→ **AIM OF THE TASK**
Give the records below again in full, exactly as written, but without any images.
[SOURCE MATERIAL Boundary: Start]
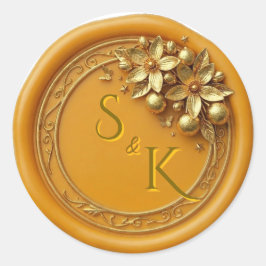 Florida Apelsinblom | Elegant Monogram Guld Vax Runt Klistermärke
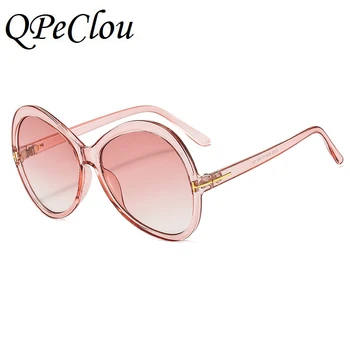 QPeClou Jaunu Modes Lielgabarīta Apaļas Saulesbrilles Sieviešu Zīmolu, Dizaineru, Vintage Super Lielas Krāsu, Saules Brilles Sieviešu Liels Rāmis Toņos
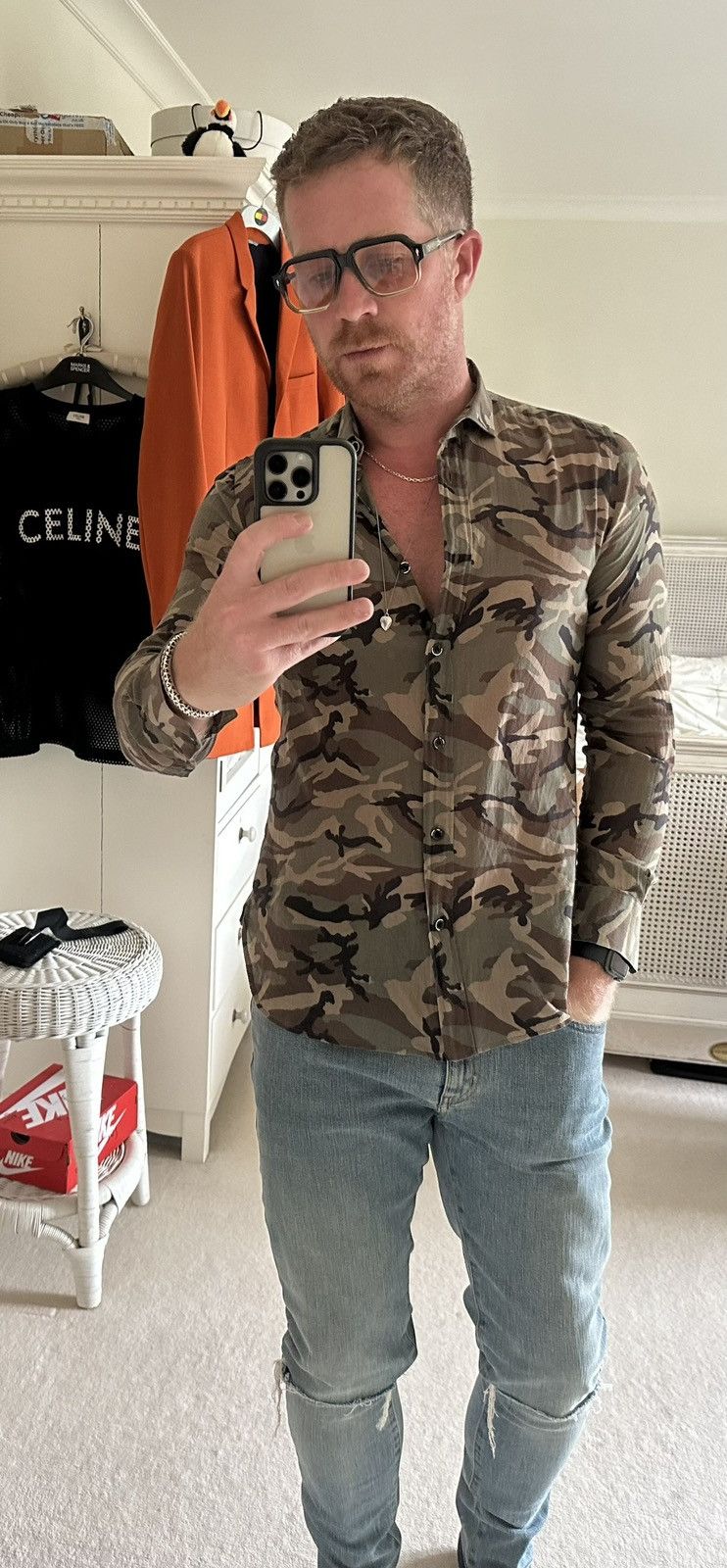 Saint Laurent Paris SS16 Saint Laurent camouflage camo shirt 😍 38 Size US M / EU 48-50 / 2 - 8 Thumbnail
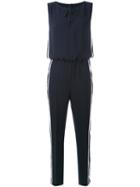 Luisa Cerano - Striped Sides Jumpsuit - Women - Polyester - 42, Blue, Polyester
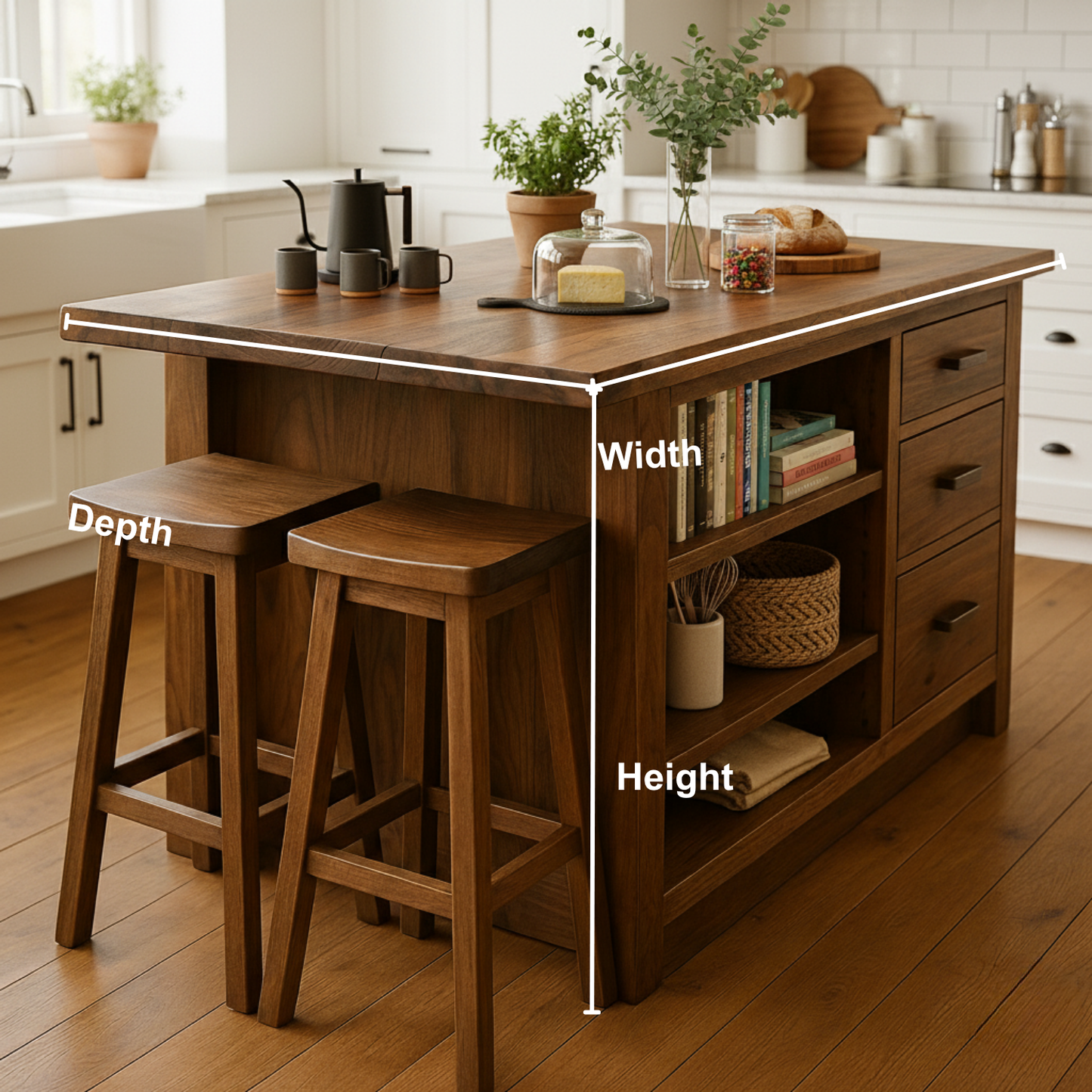 Live Edge Solid Wood Kitchen Island with Drawers - Rustic Farmhouse Butcher Block Prep Station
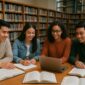 Mahasiswa tampak belajar bersama di perpustakaan kampus (Foto: Ai)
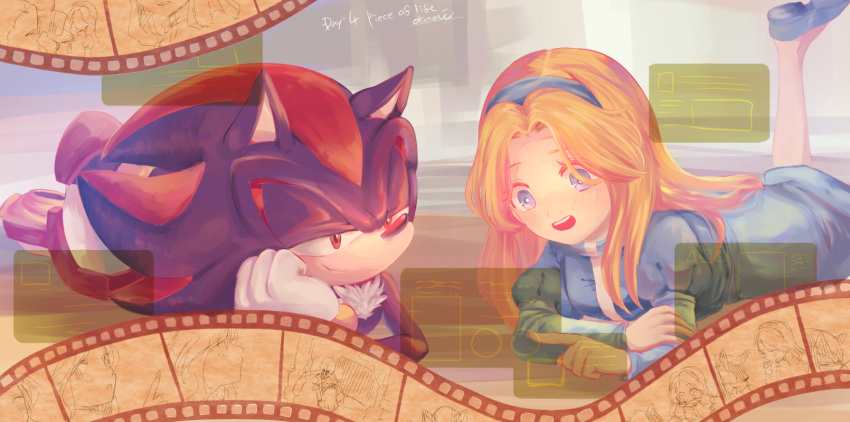 1boy :d blonde_hair blue_eyes blue_footwear blue_hairband blush female furry furry_male gerald_robotnik gloves hairband half-closed_eyes happy highres legs_up long_hair lying maria_robotnik on_stomach open_mouth red_eyes shadow_the_hedgehog smile sonic_(series) the_pose tondamanuke white_gloves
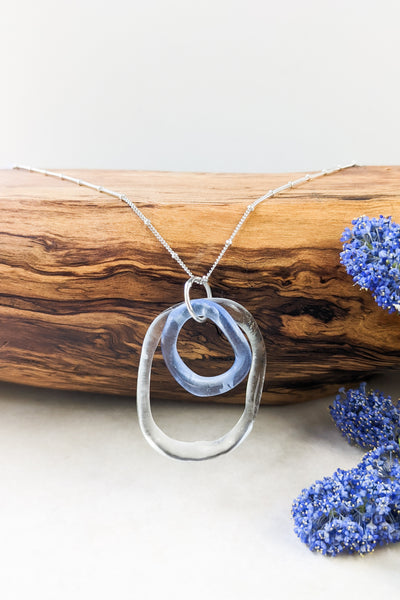 Small Wave Pendant Necklace - Periwinkle and Clear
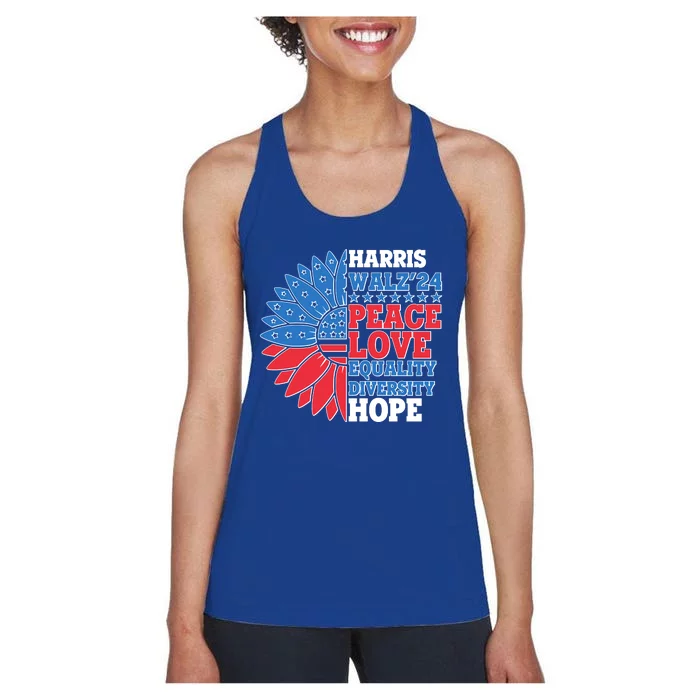 Patriotic Harris Walz Peace Love Equality Diversity Hope 2024 Usa Sunflower Women's Racerback Tank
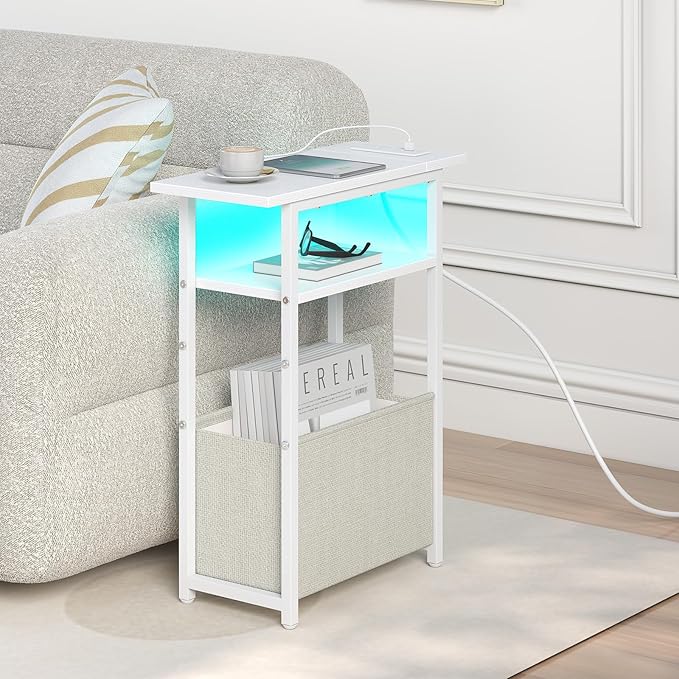Narrow Side Table with Charging Station, LED End Table Set of 2 - Image 6
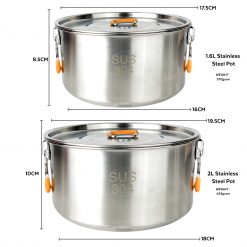 ProChef Stainless Steel Outdoor Cookset - 4 Piece, PTT Outdoor, pro chef stainless steel outdoor cookset size 1,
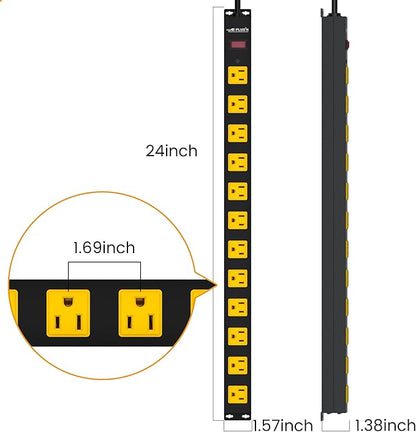 12 Outlet Long Power Strip, 2100 Joules Surge Protector, 6FT Power Cord, Wide Spaced Outlet Power Bar, Overload Protection Switch, Industrial Heavy Duty for Work Bench, Shop, Garage…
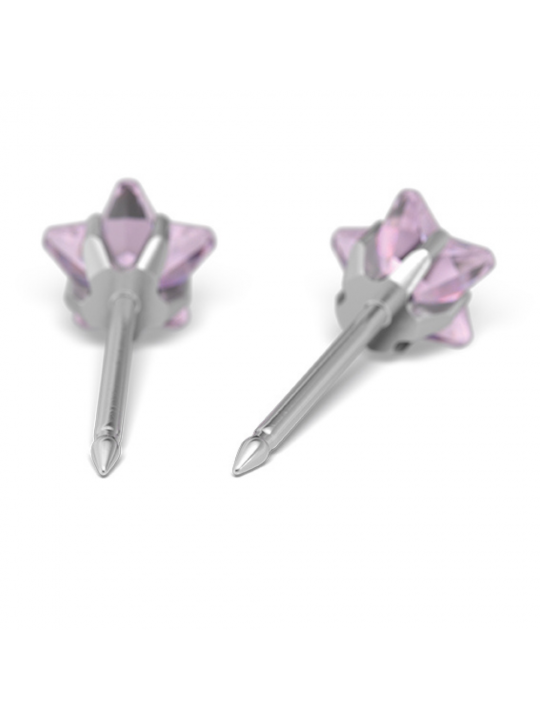 Studex System 75 Earrings Pink Cubic Zirconia Star Cut 5mm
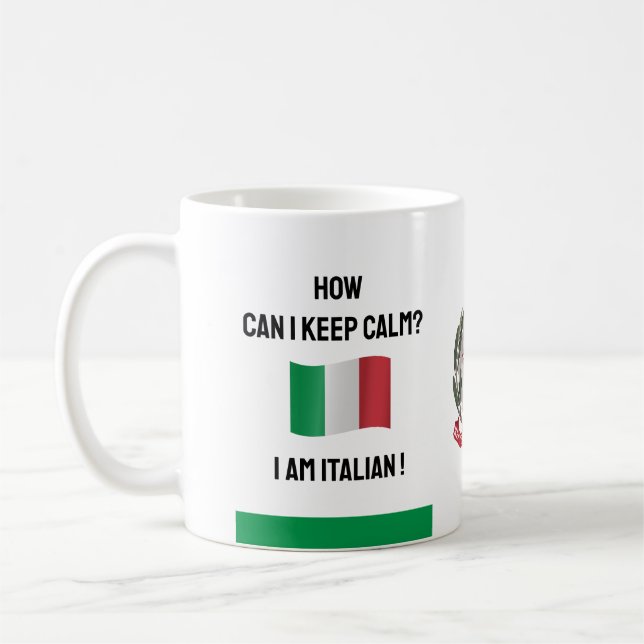 Behålla Lugn Italien & Funny Text, italiensk Flagg Kaffemugg (Vänster)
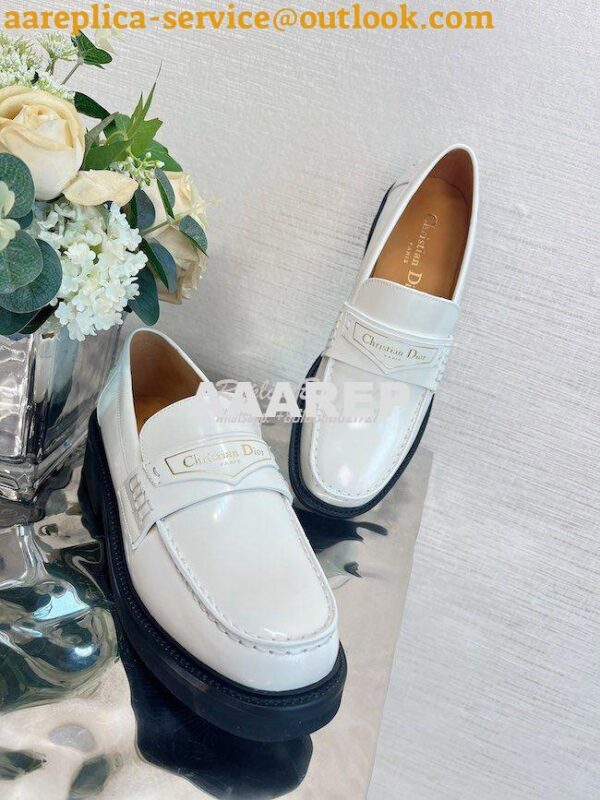 Replica Dior Boy Loafer White Brushed Calfskin KDB759 3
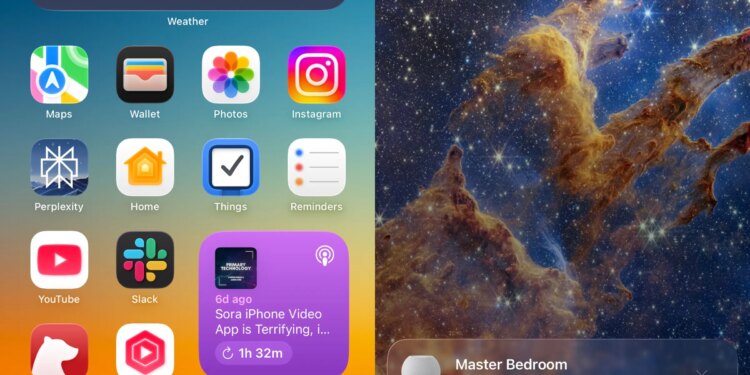 Two iPhone homescreen setups.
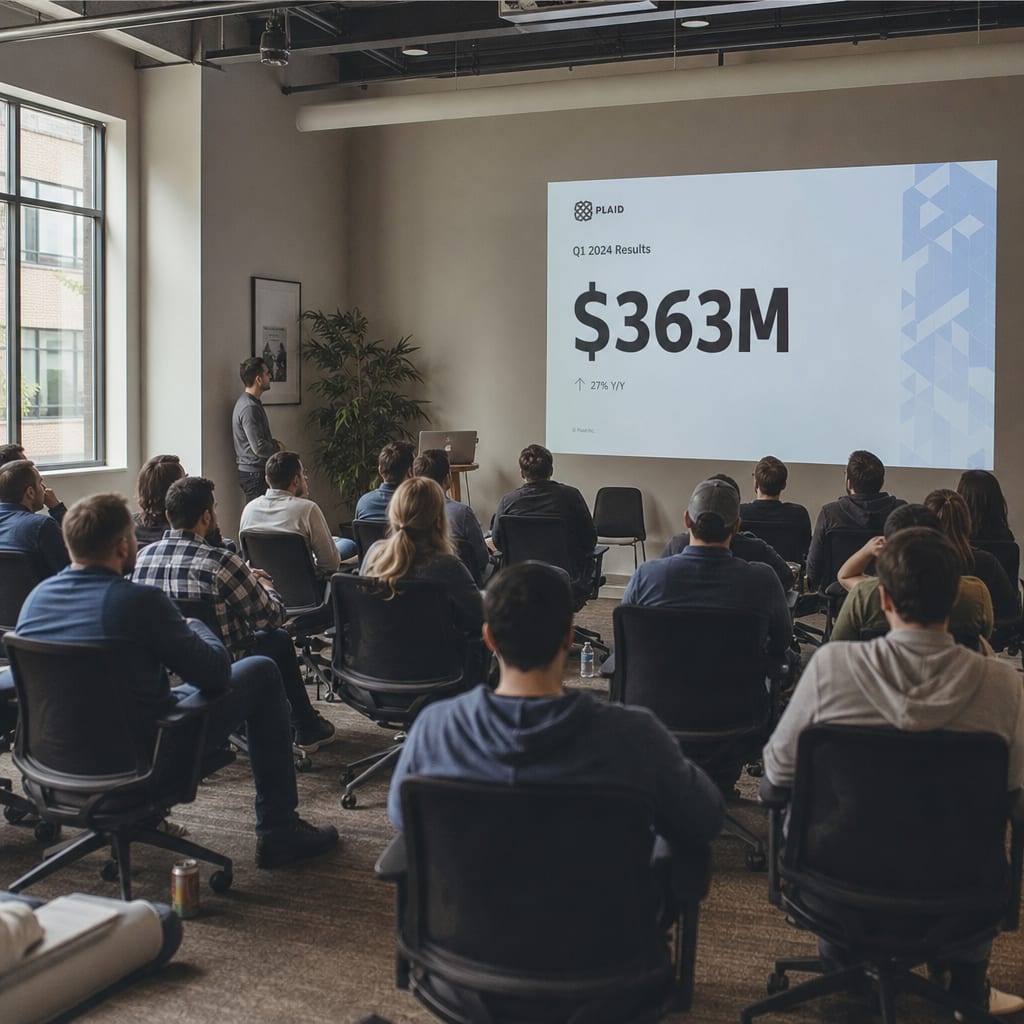 A Lumeo all-hands meeting room with employees facing a projected quarterly results slide on the front wall.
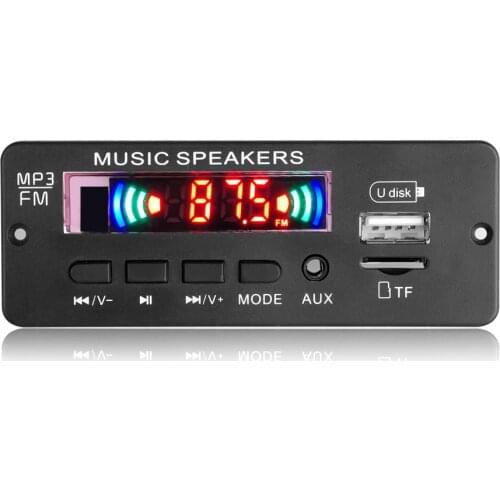 Kebidu DC 12V Car MP3 Player Bluetooth AUdio Decoder Board With Amplifier Support Call/Recording/USB/TF/LINE IN/FM/BLUETOOTH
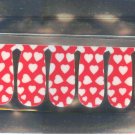 White Hearts on Red - 100% Dry Nail Polish Appiques / Sticker / Shield / Patch / Decal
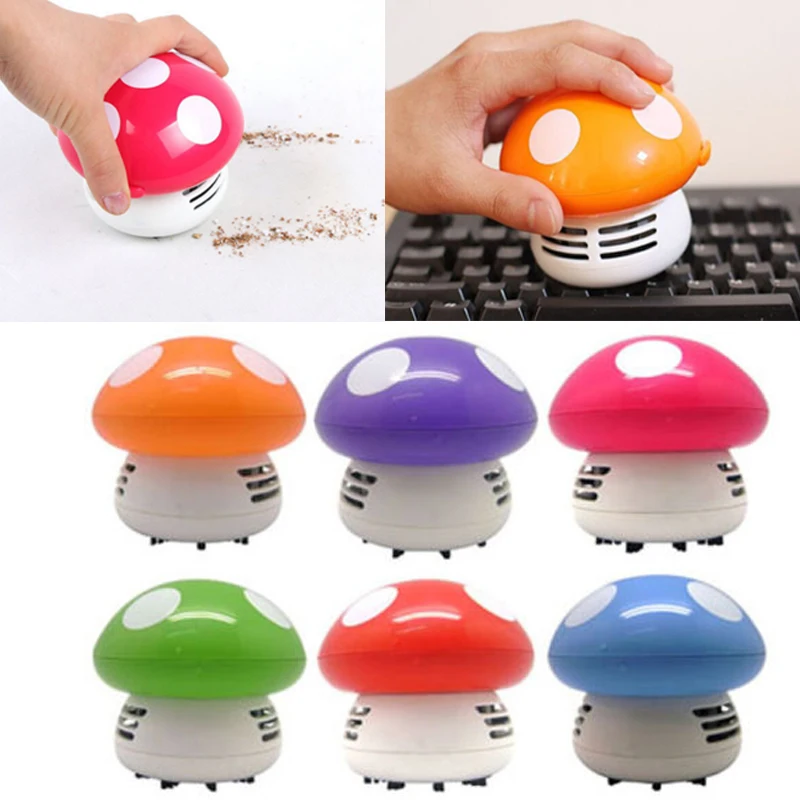 

Cute Mini Mushroom Dust Cleaner Corner Desk Table Vacuum Cleaner Sweeper Dust Collector Household Computer Keyboard Clean Brush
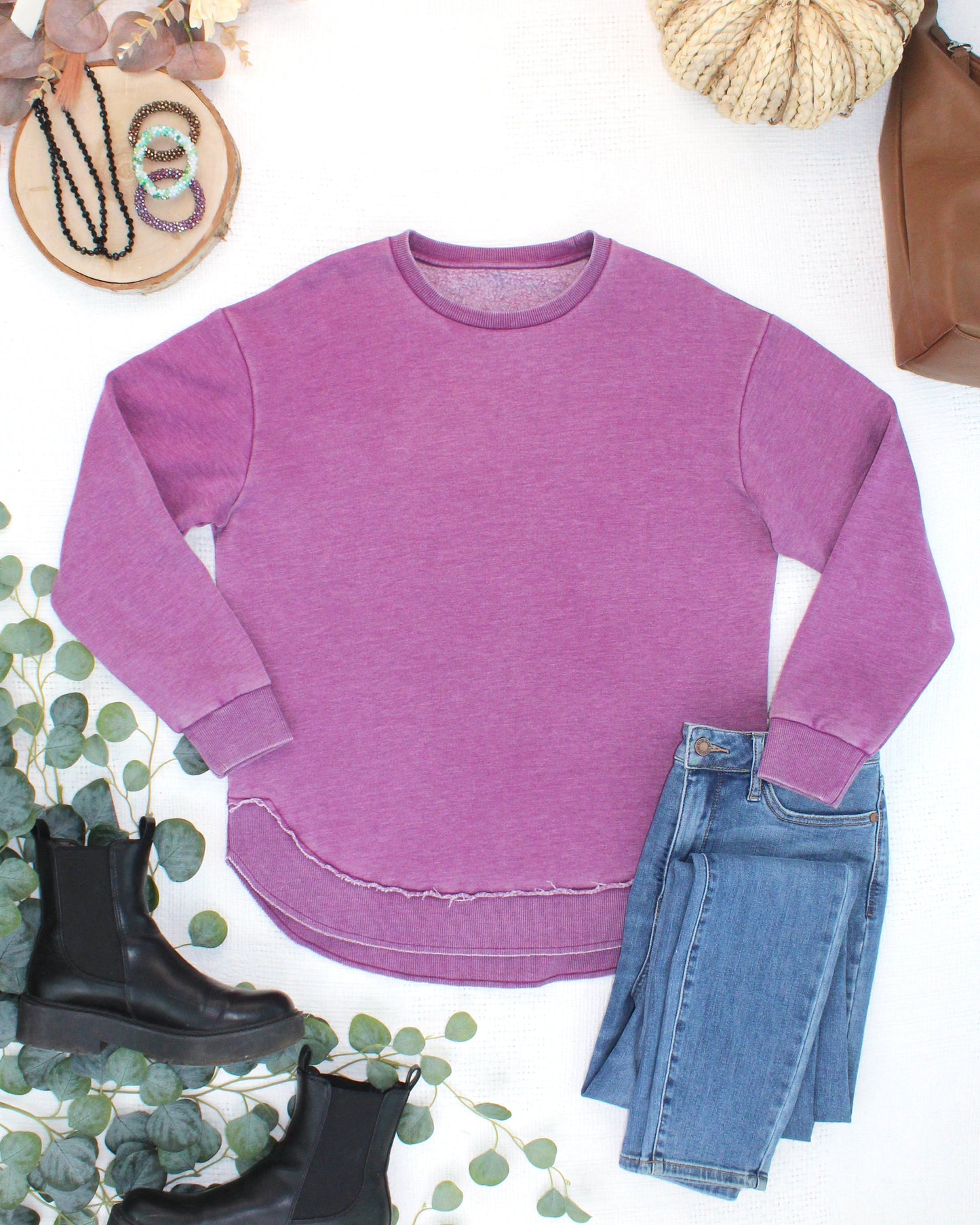Vintage Wash Pullover - Purple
[SOURCE MATERIAL Boundary: End]
→ **WRITTEN SOLUTION**
 Florida Apelsinblom | Elegant Monogram Guld Vax Runt Klistermärke
 QPeClou Jaunu Modes Lielgabarīta Apaļas Saulesbrilles Sieviešu Zīmolu, Dizaineru, Vintage Super Lielas Krāsu, Saules Brilles Sieviešu Liels Rāmis Toņos
 Saint Laurent Paris SS16 Saint Laurent camouflage camo shirt 😍 38 Size US M / EU 48-50 / 2 - 8 Thumbnail
 Luisa Cerano - Striped Sides Jumpsuit - Women - Polyester - 42, Blue, Polyester
 Live Edge Solid Wood Kitchen Island with Drawers - Rustic Farmhouse Butcher Block Prep Station
 Mahasiswa tampak belajar bersama di perpustakaan kampus (Foto: Ai)
 1boy :d blonde_hair blue_eyes blue_footwear blue_hairband blush female furry furry_male gerald_robotnik gloves hairband half-closed_eyes happy highres legs_up long_hair lying maria_robotnik on_stomach open_mouth red_eyes shadow_the_hedgehog smile sonic_(series) the_pose tondamanuke white_gloves
 Small Wave Pendant Necklace - Periwinkle and Clear
 Patriotic Harris Walz Peace Love Equality Diversity Hope 2024 Usa Sunflower Women's Racerback Tank
Narrow Side Table with Charging Station, LED End Table Set of 2 - Image 6
 ProChef Stainless Steel Outdoor Cookset - 4 Piece, PTT Outdoor, pro chef stainless steel outdoor cookset size 1,
 12 Outlet Long Power Strip, 2100 Joules Surge Protector, 6FT Power Cord, Wide Spaced Outlet Power Bar, Overload Protection Switch, Industrial Heavy Duty for Work Bench, Shop, Garage…
 Studex System 75 Earrings Pink Cubic Zirconia Star Cut 5mm
 Behålla Lugn Italien & Funny Text, italiensk Flagg Kaffemugg (Vänster)
 Replica Dior Boy Loafer White Brushed Calfskin KDB759 3
 Two iPhone homescreen setups.
 A Lumeo all-hands meeting room with employees facing a projected quarterly results slide on the front wall.
 Kebidu DC 12V Car MP3 Player Bluetooth AUdio Decoder Board With Amplifier Support Call/Recording/USB/TF/LINE IN/FM/BLUETOOTH
 White Hearts on Red - 100% Dry Nail Polish Appiques / Sticker / Shield / Patch / Decal

Cute Mini Mushroom Dust Cleaner Corner Desk Table Vacuum Cleaner Sweeper Dust Collector Household Computer Keyboard Clean Brush
Vintage Wash Pullover - Purple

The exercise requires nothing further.